Holy sexuality

June 14, 2017 | Viewpoints | Volume 21 Issue 13
Melissa Miller |

The irony wasn’t lost on me, or on others. At last summer’s Mennonite Church Canada assembly, people discussed, debated and discerned holy sexuality. Specifically, they considered, “Is there space in Mennonite churches for people who are in same-sex relationships?”

The decision by that delegate body—after a six-year, highly participatory process—was yes. Let us provide church space for those who are same-sex attracted; let us accept and live with the differing understandings we have on this aspect of sexuality.

The irony came from one of the gathering’s optional activities: a play in a charming, rural theatre with engaging, talented actors.

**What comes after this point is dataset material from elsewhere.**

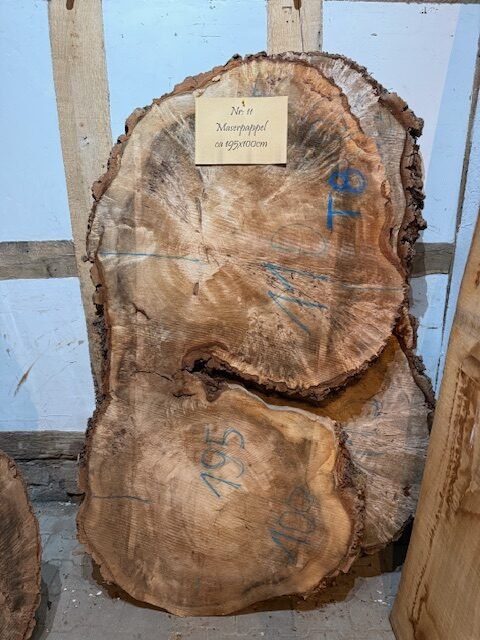 Maserpappel XXL Scheiben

The plot of yearning and love, and loss and hope, unfolded with heaps of physical and verbal humour. It also included—and here’s the irony—a several-minutes-long scene of simulated sexual intercourse between an unmarried man and a married-to-someone-else woman, what could be called adultery or fornication, even sin.

Yes, it was a farce and wildly unrealistic. I don’t think the play was intended to offer much more than a good laugh, although that could be debated. At the time, I felt mildly disturbed; something made me uncomfortable. Later, I put words to my uneasiness. Acted out on stage was a quite-obvious depiction of intercourse in a public work of art promoted during a church assembly.

This violated some implicit trust, I felt. Had I missed the “explicit sexual content” warning in the material? Was I right to feel wronged? Did others have a similar reaction? At least one person referred to the play during the next day’s delegate discussion, naming it as sin and tying it to other sexual sins.

What does holy or unholy sexuality look like today? Is it different from the past? How is the church helping or hindering us in becoming holy children of God, reflecting God’s image, particularly in our bodies and with our expressions of sexuality? Where does the Bible help us? And where is it limited? Does a preoccupation with same-sex relationships blind us to attending to sexual ethics for all?

I applaud the brave efforts of pastors, parents and youth leaders who do venture into this sacred, fraught space. God knows we cannot depend on our confused, sex-saturated society to lead the way in holy sexual ethics. I do believe, though, that the Bible, taken in context, can help us.

For starters, we can look at the Apostle Paul’s writings. We might not immediately think he has much to offer. However, his words to the Corinthians are worth pondering. One principle of healthy, holy sexuality is mutuality—respect, desire and pleasure—that is grounded in equality. As Paul says, “In the Lord, woman is not independent of man or man independent of woman. For just as woman came from man, so man comes through woman; but all things come from God” (I Corinthians 11:11-12). And, “the husband should give to the wife her conjugal rights, and likewise the wife to her husband” (I Corinthians 7:3).

To return to the play, it appeared that one of the partners had not consented to sexual activity, not in keeping with Paul’s understanding of mutual respect and dignity. Paul clearly understood that Jesus’ self-giving love had created a new power dynamic, erasing domination and manipulation, and levelling formerly divisive categories. In Jesus’ new community, everyone is equal. Jesus ushers in an astounding transformation in all relationships, including those between sexual partners.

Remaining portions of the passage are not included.